信息质量视角下AIGC虚假信息问题及根源分析

莫祖英, 盘大清, 刘欢, 赵悦名   

  1. 郑州航空工业管理学院信息管理学院,郑州,450046
  • 出版日期:2023-07-10 发布日期:2023-08-16
  • 通讯作者: 莫祖英(ORCID:0000-0003-0661-9333),博士,教授,研究方向:信息质量、虚假信息质量,Email:mozuying611@163.com.
  • 作者简介:盘大清(ORCID:0000-0003-0712-4957),硕士研究生,研究方向:虚假信息识别,Email:qcountpan@163.com;刘欢(ORCID:0009-0006-9571-2984),硕士研究生,研究方向:虚假信息治理、用户行为,Email:979243359@qq.com;赵悦名(ORCID:0009-0000-5784-208X),硕士研究生,研究方向:虚假信息治理,Email:1023200761@qq.com。
  • 基金资助:
    本文系国家社科基金项目“社交媒体情境下网络虚假信息传播行为干预研究”(21BTQ049)的研究成果之一。

Analysis on AIGC False Information Problem and Root Cause from the Perspective of Information Quality

MO Zuying PAN Daqing LIU Huan ZHAO Yueming   

  1. School of Information Management, Zhengzhou University of Aeronautics, Zhengzhou, 450046
  • Online:2023-07-10 Published:2023-08-16
  • Contact: Correspondence should be addressed to MO Zuying, Email:mozuying611@163.com, ORCID: 0000-0003-0661-9333
  • Supported by:
    This is an outcome of the project "Research on the Intervention of Online False Information Dissemination Behavior in the Context of Social Media "(21BTQ049)supported by National Social Science Foundation of China.
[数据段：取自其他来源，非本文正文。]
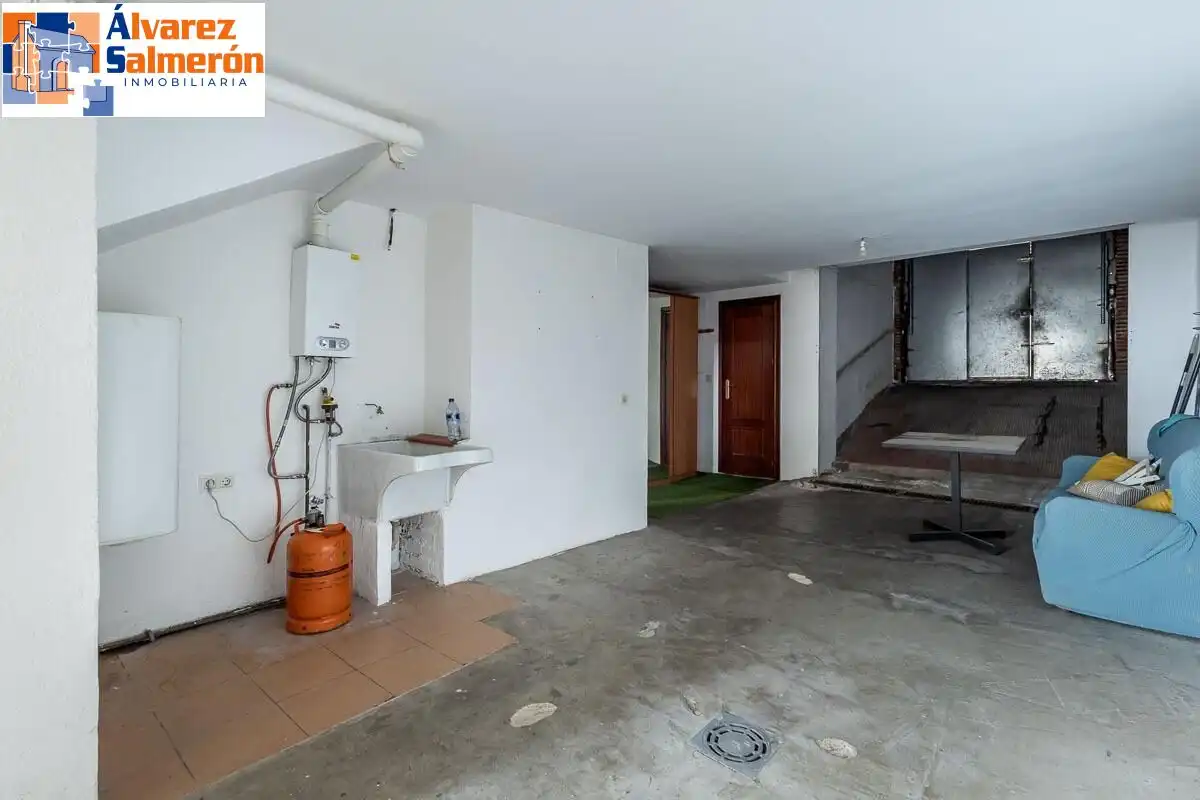 Casa adosada en venta en Huétor Vega con Terraza
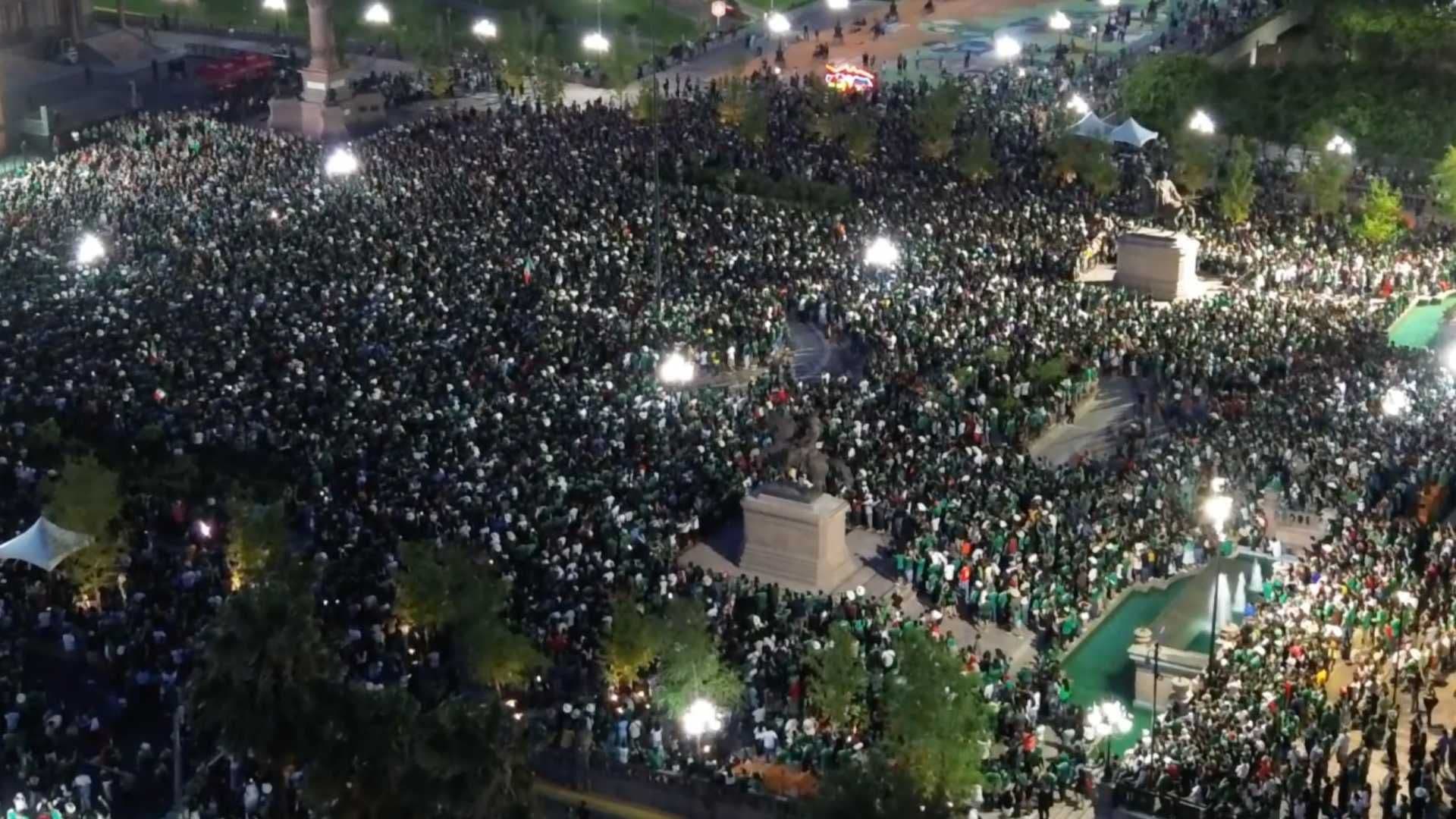 Aficionados Celebran el Triunfo de la Selección Mexicana en Monterrey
摘要: [目的/意义] 探讨AIGC中存在的各种虚假信息类型及其特征,对理解虚假信息产生的根源、减少AIGC中虚假信息的生成具有积极作用。[研究设计/方法] 采用数据测试实验方法,立足于信息质量视角,通过采集AIGC系统一手的测试数据和收集二手的AIGC虚假信息来剖析AIGC虚假信息类型及特征;以人工智能语言模型的信息生成过程为着力点,探析AIGC中虚假信息生成的根源。[结论/发现] AIGC虚假信息主要包括事实性虚假和幻觉性虚假两种类型,事实性虚假信息主要集中在数据错误、作者作品错误、客观事实错误、编程代码错误、机器翻译错误五个方面,而幻觉性虚假信息主要集中在虚假新闻事件、虚假学术信息、虚假健康信息和偏见与歧视方面;AIGC虚假信息产生的根源与大规模语言模型、预训练数据集和人工标注三个要素有关。[创新/价值] 采用了数据测试实验方法,并辅以二手数据的收集,全面分析了各种AIGC虚假信息的类型,并根据生成机理与表现形式将其划分为事实性虚假信息和幻觉性虚假信息,为AIGC虚假信息的进一步研究提供了理论基础。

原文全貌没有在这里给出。